You and your colleague Andy go through security and enter a small community room with plastic chairs.

Waiting room at Adelanto

David is there already, a brown man in an orange suit moving chairs for you like a gracious host. He tells you he has never had a visitor before, in all his five months here. You realize he has been waiting for someone to talk to. He talks quickly, expressively, and mostly to Andy. You watch, you listen, and this is what you hear:

He’d crossed over in the 90s, been married to a US citizen, and through her had applied for citizenship. The attorney they hired never correctly submitted the paperwork. He shrugged it off, and later divorced the woman, but continued to see his daughter and send child support.

“I don’t know,” he said. “Maybe I should have stayed married to her. Ni modo,” as in, what can you do?

He worked in traffic control, earned a decent living from the city. He later moved in with another woman. He was offered jobs in Los Angeles and Seattle, but he wanted to be near his daughter. He lived and worked in his adopted state for over 22  years. He paid his taxes, he paid child support. What he didn’t pay was a fine for a truck that he had abandoned, and his car’s tags. Once he was pulled over for the tags the officer realized that, due to the unpaid fine David’s license had been revoked.

You hear: criminalization of poverty.

He was asked to produce proof of legal residency. He had none.

You hear: He became the property of ICE.

He  hired an attorney and paid him $3,000. ICE moved him hundreds of miles away to Adelanto, California, a state where his lawyer was unqualified to practice.
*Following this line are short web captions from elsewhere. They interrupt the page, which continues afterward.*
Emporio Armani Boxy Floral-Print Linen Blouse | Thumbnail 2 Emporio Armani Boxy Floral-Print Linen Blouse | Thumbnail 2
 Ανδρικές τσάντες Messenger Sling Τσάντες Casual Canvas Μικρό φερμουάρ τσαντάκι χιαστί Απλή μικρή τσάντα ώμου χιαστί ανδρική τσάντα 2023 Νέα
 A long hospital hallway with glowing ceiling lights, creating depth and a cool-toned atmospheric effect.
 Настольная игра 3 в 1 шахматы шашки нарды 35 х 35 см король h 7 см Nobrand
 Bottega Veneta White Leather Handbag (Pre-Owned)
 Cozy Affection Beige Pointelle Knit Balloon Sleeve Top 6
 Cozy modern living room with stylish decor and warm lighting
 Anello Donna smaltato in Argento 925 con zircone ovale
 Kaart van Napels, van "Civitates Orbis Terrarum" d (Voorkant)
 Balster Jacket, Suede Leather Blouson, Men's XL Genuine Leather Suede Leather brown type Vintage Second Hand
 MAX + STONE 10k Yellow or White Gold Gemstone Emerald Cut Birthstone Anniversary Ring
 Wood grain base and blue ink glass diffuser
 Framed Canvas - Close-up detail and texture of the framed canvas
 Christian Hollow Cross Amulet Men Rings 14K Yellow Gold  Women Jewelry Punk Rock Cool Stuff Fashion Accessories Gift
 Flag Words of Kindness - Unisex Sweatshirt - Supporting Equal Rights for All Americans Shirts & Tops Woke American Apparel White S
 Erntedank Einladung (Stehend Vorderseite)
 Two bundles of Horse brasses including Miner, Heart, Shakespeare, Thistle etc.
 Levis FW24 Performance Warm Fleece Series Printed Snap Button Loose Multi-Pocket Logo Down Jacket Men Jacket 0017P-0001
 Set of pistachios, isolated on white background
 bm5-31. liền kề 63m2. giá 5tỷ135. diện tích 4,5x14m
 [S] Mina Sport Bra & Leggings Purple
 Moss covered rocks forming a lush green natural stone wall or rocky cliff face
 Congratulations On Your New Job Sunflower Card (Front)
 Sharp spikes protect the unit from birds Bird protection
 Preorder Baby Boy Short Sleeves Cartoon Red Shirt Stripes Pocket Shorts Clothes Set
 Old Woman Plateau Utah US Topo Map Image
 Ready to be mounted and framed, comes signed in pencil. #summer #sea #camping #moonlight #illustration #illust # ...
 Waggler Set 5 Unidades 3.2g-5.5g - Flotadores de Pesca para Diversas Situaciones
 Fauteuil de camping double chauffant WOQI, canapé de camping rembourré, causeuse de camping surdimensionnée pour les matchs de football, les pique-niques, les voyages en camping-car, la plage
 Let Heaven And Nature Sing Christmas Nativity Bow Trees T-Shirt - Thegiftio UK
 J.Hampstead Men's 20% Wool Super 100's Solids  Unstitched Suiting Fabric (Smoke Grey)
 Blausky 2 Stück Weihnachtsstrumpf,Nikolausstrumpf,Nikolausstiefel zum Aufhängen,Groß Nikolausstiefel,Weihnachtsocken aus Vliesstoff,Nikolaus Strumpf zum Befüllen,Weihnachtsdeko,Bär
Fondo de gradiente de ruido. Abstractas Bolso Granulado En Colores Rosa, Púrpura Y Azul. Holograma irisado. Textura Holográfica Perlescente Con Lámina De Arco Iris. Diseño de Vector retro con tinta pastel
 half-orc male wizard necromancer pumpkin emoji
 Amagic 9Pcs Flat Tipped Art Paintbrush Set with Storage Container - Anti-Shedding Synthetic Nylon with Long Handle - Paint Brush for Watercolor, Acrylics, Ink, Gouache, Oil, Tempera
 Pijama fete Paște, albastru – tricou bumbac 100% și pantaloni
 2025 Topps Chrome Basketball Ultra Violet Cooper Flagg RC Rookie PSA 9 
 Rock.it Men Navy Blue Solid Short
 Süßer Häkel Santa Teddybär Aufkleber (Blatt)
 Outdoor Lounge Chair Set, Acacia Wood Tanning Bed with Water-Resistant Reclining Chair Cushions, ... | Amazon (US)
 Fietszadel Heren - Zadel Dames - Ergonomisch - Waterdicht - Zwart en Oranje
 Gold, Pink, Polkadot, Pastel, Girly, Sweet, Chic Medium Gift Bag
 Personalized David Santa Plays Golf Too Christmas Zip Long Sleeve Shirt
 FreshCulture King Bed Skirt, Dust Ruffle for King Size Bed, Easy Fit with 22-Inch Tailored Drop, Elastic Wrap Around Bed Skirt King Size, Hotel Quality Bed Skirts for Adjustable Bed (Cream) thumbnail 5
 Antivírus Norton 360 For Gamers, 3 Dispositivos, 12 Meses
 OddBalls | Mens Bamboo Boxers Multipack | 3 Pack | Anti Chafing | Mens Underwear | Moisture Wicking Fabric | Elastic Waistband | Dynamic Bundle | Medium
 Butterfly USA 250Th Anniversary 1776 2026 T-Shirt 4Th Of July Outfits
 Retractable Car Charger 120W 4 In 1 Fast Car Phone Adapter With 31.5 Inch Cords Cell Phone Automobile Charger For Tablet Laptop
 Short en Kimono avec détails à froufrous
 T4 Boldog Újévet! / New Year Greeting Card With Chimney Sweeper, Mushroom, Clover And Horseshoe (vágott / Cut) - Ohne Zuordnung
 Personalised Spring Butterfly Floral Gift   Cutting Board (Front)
You hear: he was ripped from his community, his loved ones, and now has no representation.

While pointing out a “good guy” in the prison room where you listen, David complains of racist and emotional abuse by the staff, how he and others are spoken to, how he and others are treated. “They’re racist here.” David names a Border Patrol agent who wanted him to sign self-deportation papers. Without a lawyer David refused to sign anything. David tells you the agent took him handcuffed to a room without surveillance. He threw him against the wall, breaking his nose, and assaulting him. (You now notice he has a broken nose, a damaged wrist).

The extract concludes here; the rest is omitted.